__Your assignment__. What is needed is a word-for-word transcript of the listing, free of pictures.
=== Begin Enclosure ===
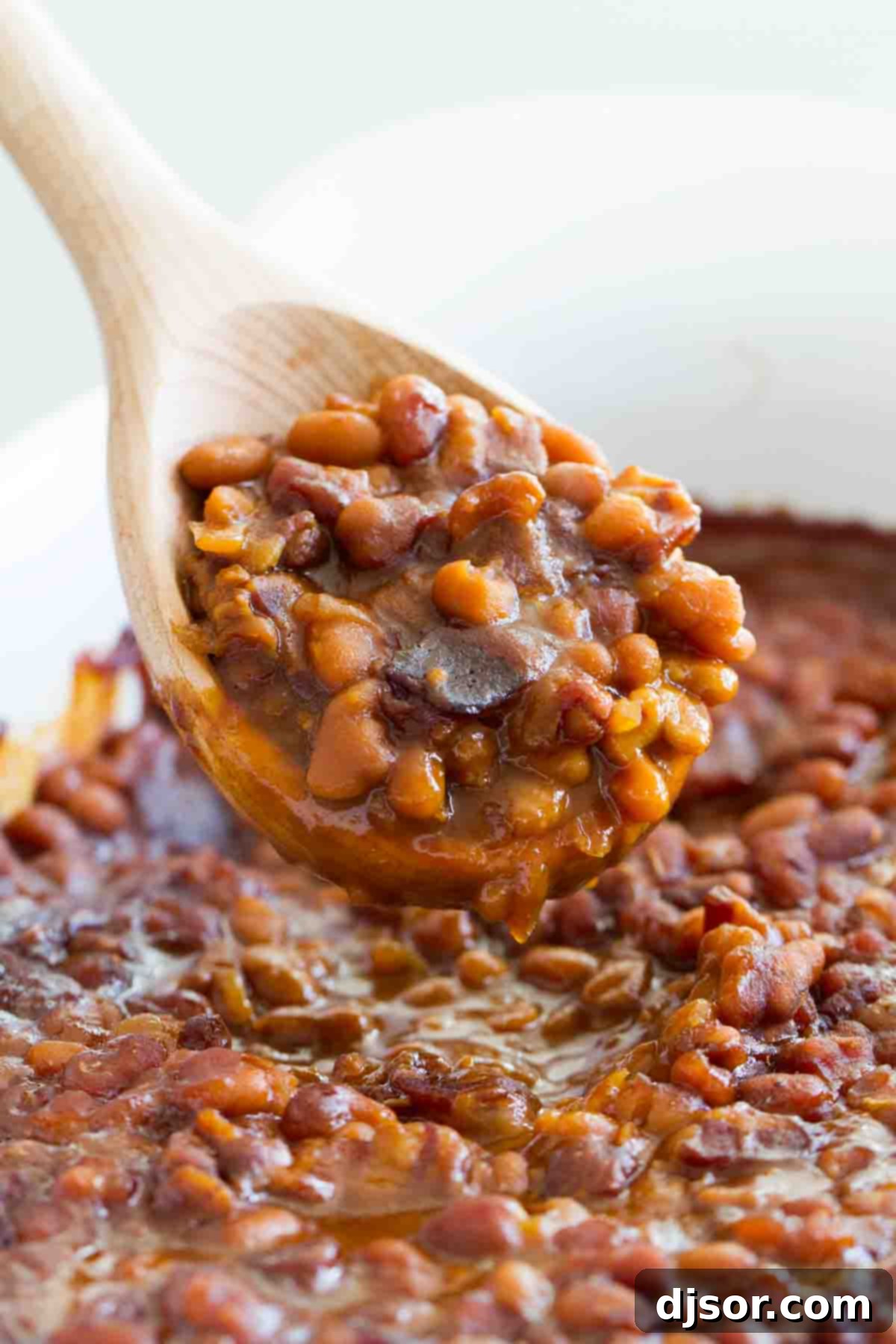 A wooden spoon scooping a portion of rich, saucy baked beans with visible pieces of bacon, ready to be served.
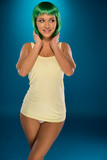 Fototapeta Młodzieżowe - Cute slender young woman with green hair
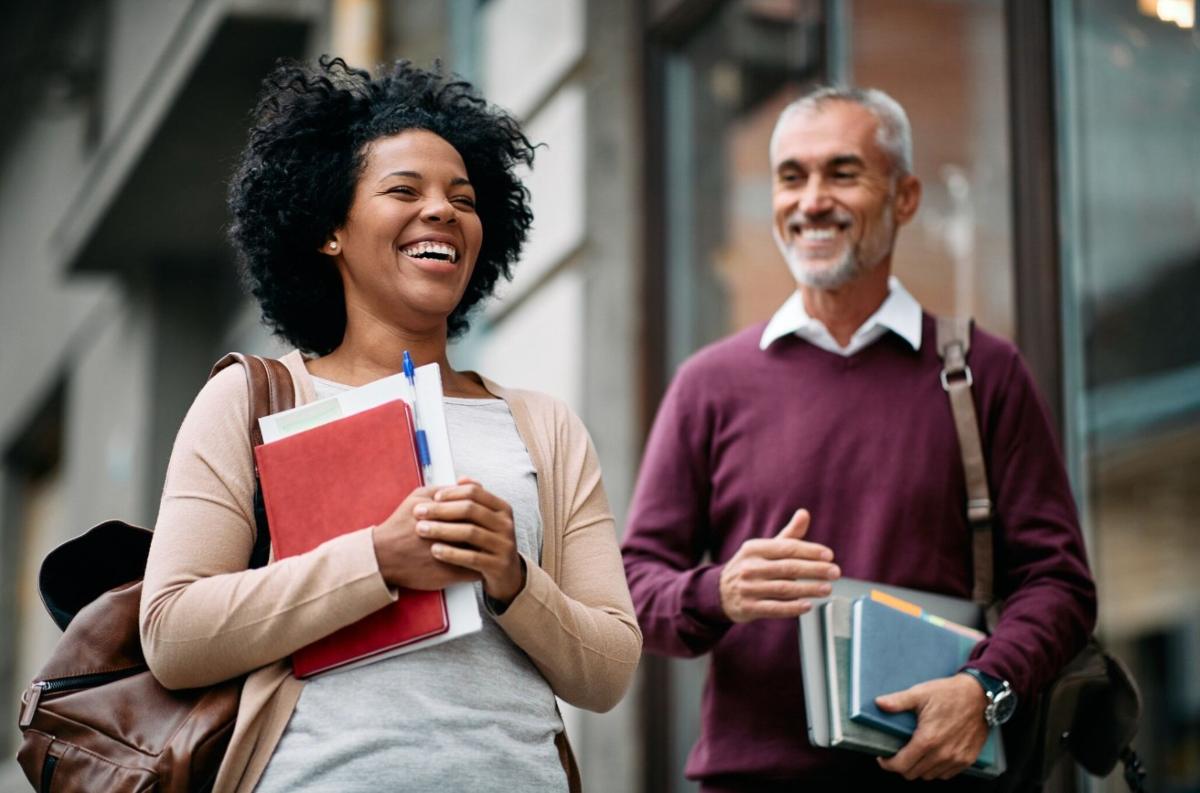 adult students carrying books and chatting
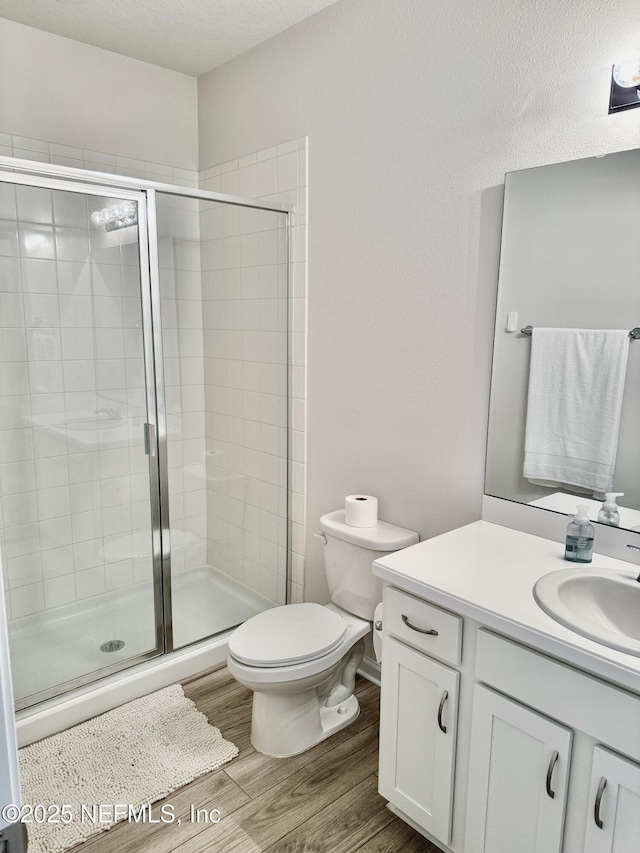 full bath with vanity, wood finished floors, toilet, and a shower stall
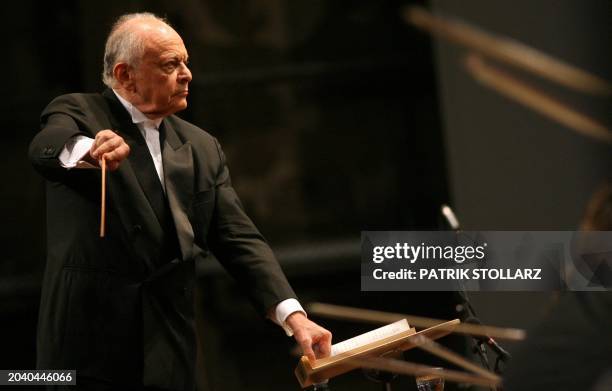 Conductor Lorin Maazel leads his orchestra, whose musicians come mainly from the Ruhr region, during the final rehearsal of "Symphony No.8 Es Dur -...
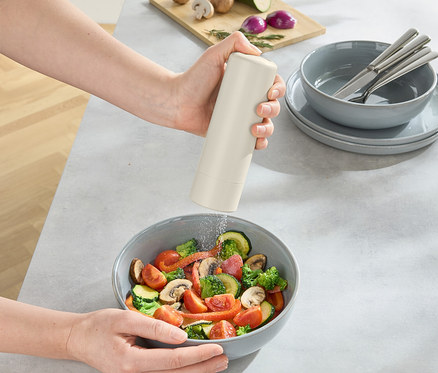 Une personne assaisonne un saladier, une planche à découper avec des champignons, des oignons et des courgettes est posée sur la table.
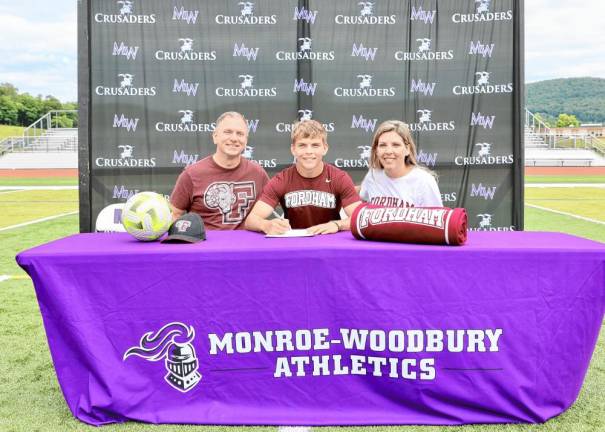 Ryan Mattison (center) and his parents. He will play soccer for Fordham.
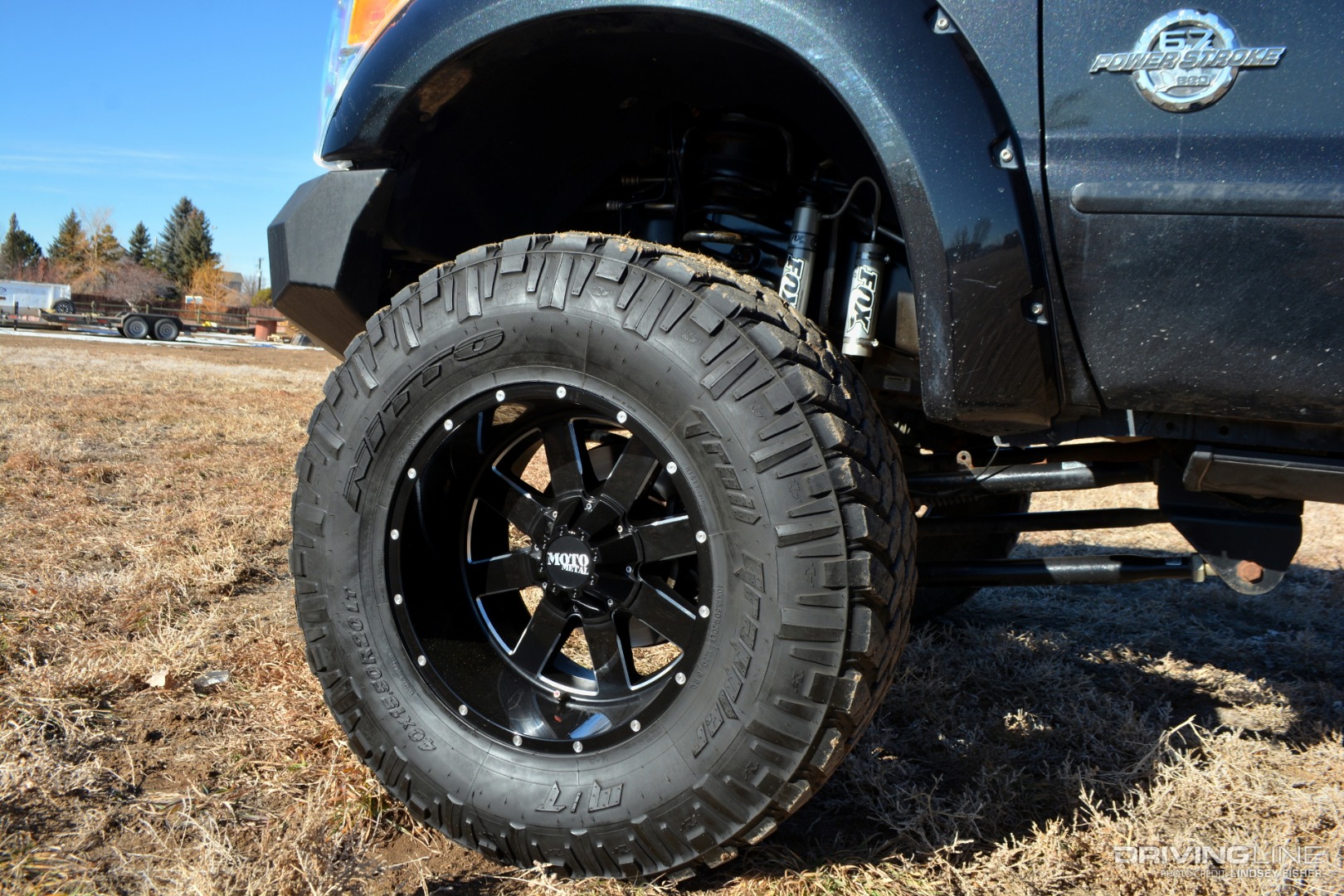 Lifted 2011Ford F350 front tire and front fender in field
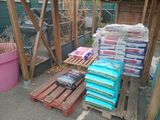 many bags of food sitting on pallets in the yard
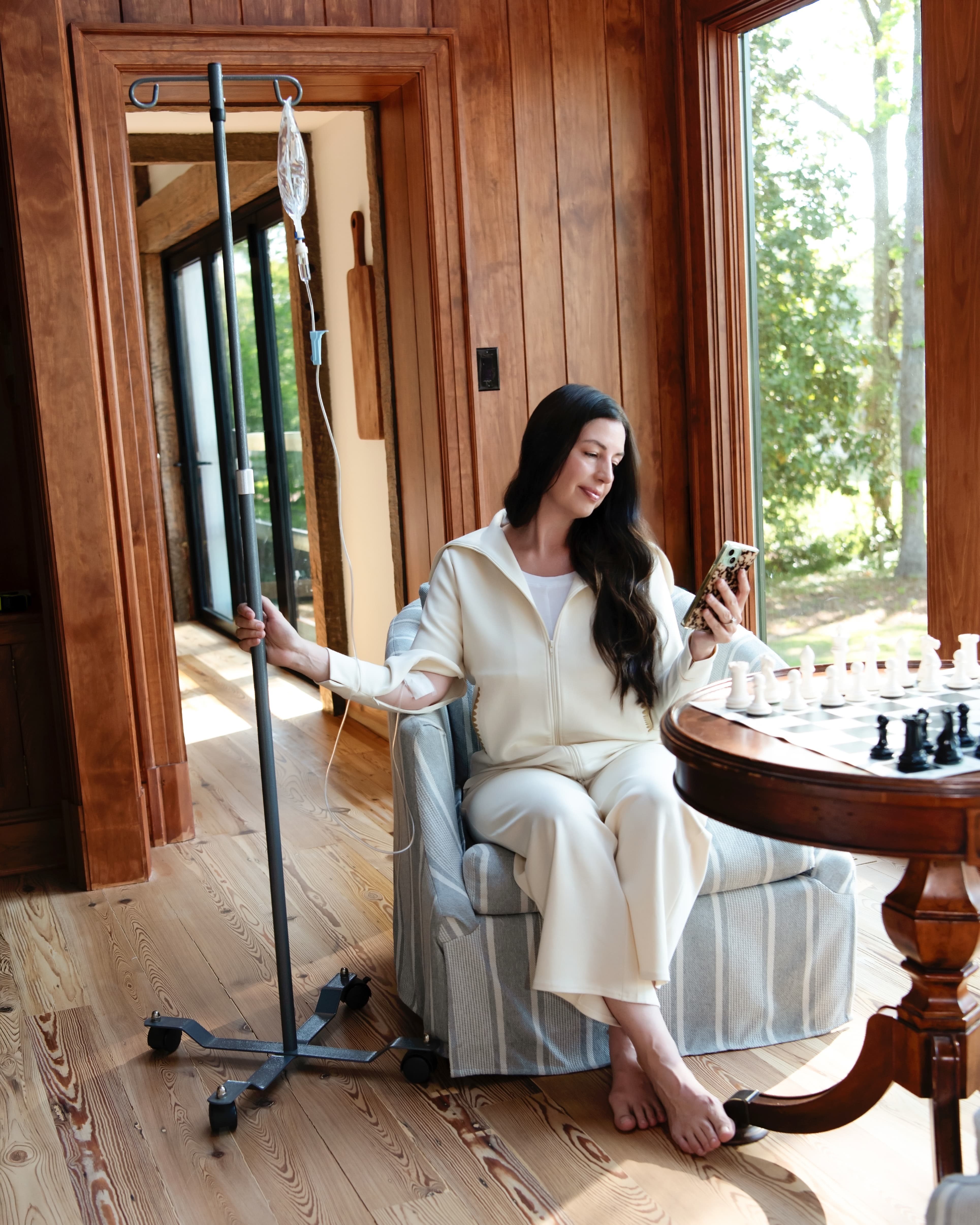 Woman sitting in a chair with an IV stand next to her, holding a phone.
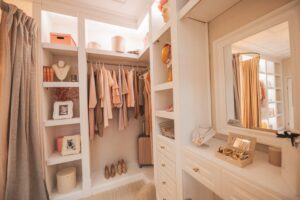 Gorgeous luxury wardrobe closet with pale pink pastel clothes on hangers and heeled shoes on shelf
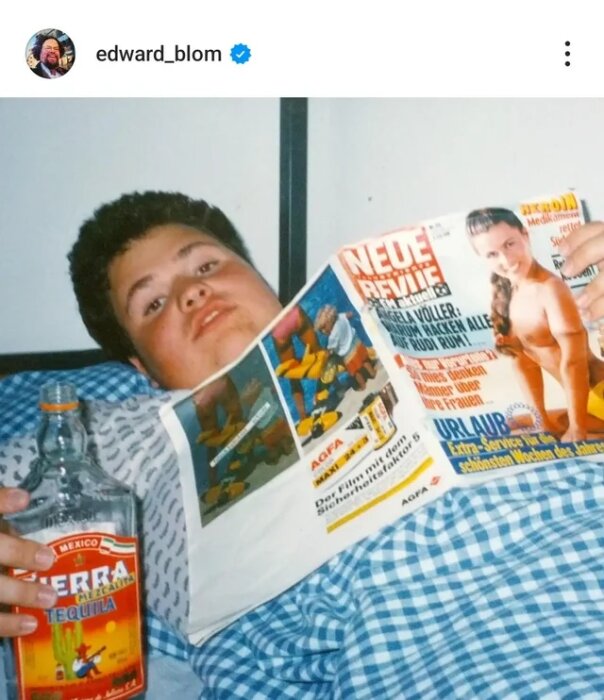 Jag vet inte vem personen på bilden är, men personen ligger med en tidning och en flaska tequila i sängen, täckt med ett blåmönstrat täcke.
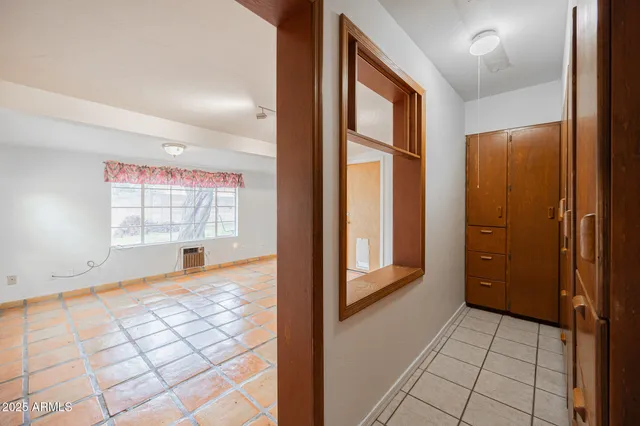 a view of an entryway with a floor to ceiling window and wooden floor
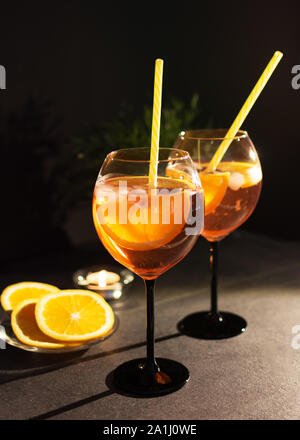 Due bicchieri di italiano aperol spritz cocktail con fettine di arancio su sfondo nero. Foto Stock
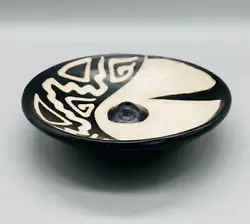 Plate shaped, decorated with black and white designs, and has a hole in the center for placing stick incense. 4 3/4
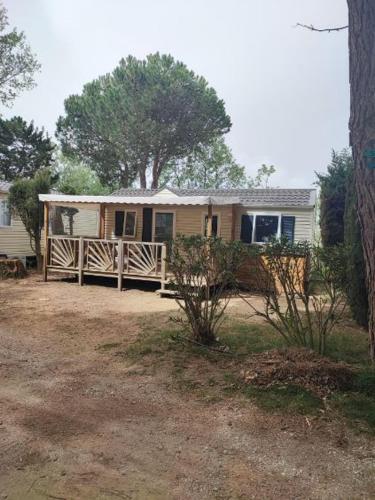 une maison avec une clôture devant dans l'établissement Camping le sainte marie, à Sainte-Marie-la-Mer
=== End Enclosure ===
__Reply to the exercise__.
 A wooden spoon scooping a portion of rich, saucy baked beans with visible pieces of bacon, ready to be served.
 Fototapeta Młodzieżowe - Cute slender young woman with green hair
 adult students carrying books and chatting
 full bath with vanity, wood finished floors, toilet, and a shower stall
 Conductor Lorin Maazel leads his orchestra, whose musicians come mainly from the Ruhr region, during the final rehearsal of "Symphony No.8 Es Dur -...
 Une personne assaisonne un saladier, une planche à découper avec des champignons, des oignons et des courgettes est posée sur la table.
 Ryan Mattison (center) and his parents. He will play soccer for Fordham.
 Lifted 2011Ford F350 front tire and front fender in field
 many bags of food sitting on pallets in the yard
 Woman sitting in a chair with an IV stand next to her, holding a phone.
 Gorgeous luxury wardrobe closet with pale pink pastel clothes on hangers and heeled shoes on shelf
 Jag vet inte vem personen på bilden är, men personen ligger med en tidning och en flaska tequila i sängen, täckt med ett blåmönstrat täcke.
 a view of an entryway with a floor to ceiling window and wooden floor
 Due bicchieri di italiano aperol spritz cocktail con fettine di arancio su sfondo nero. Foto Stock
 Plate shaped, decorated with black and white designs, and has a hole in the center for placing stick incense. 4 3/4
 une maison avec une clôture devant dans l'établissement Camping le sainte marie, à Sainte-Marie-la-Mer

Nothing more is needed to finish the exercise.